Unfortunately, too often, our knowledge of Columbus and his explorations stops short soon after Columbus set sail. Rarely do any of our history books delve too deeply into the years of Caribbean history following 1492. We learn all about Columbus in our text books and classrooms–how he bravely sailed across the world in search of new lands and adventure, discovered and claimed the islands of the Caribbean, and brought civilization to the ‘New World’. Very rarely do we learn much about the people that were already living on the islands that Columbus claimed, or what happened to these populations in the century that followed as they were brought into ‘civilization.’ If these people groups are mentioned in books or curriculum, the story is often framed as a pleasant cultural exchange. Yet, somehow this friendly cross-cultural experience resulted in the death of almost the entire population of Taíno people. Historical estimates state that there were anywhere from 1-3 million Taíno when Columbus arrived, by 1542, there were 200 remaining.
So, in 1492 Columbus sailed the ocean blue. . .but then what happened?
Ten years ago marked the Columbus Quincentenary, as many prepared for elaborate celebrations, others began pushing to publicize the efforts of those who had been working to re-evaluate the historical accounts of Columbus offered in our schools.
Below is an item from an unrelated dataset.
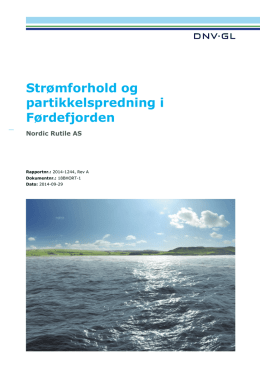 Strømforhold og partikkelspredning i Førdefjorden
Organizations across the Americas worked to provide alternative versions of the story through curriculum, films and books. Rethinking Columbus:The Next 500 Years is one of the amazing resources that came out of these efforts. It’s a curriculum guide written for k-12 teachers packed with lessons, resources, and reflections on how to go about unpacking the traditional Columbus history and providing a more accurate historical account that tells both sides of the exploration and conquest of the Americas. Incidentally, it was one of the books banned by the Tucson, Arizona school district last year. In the words of the editors, “We try to offer an alternative narrative. Our goal is not to idealize native people, demonize Europeans, or present a depressing litany of victimization. We hope to encourage a deeper understanding of the European invasion’s consequences, to honor the rich legacy of resistance to the injustices it created, to convey some appreciation for the diverse indigenous cultures of the hemisphere, and to reflect on what this all means for us today” (p. 11). It’s a resource that I have used with great success in both my elementary and middle school classrooms. I highly recommend it.
As Columbus Day is a little more than a month away, I thought it would be appropriate to do a series of En la Clase posts on how we can Rethink Columbus in our classrooms. In the following weeks, I’ll be writing about various activities and resources that might help us, as educators, to reconsider the traditional or standard history of Columbus, and the ramifications that Columbus’ explorations had on the Americas and its people. Hopefully, these posts will provide a space for all of us to discuss matters relevant to teaching about Columbus and to rethink how we present him and his legacy to our students.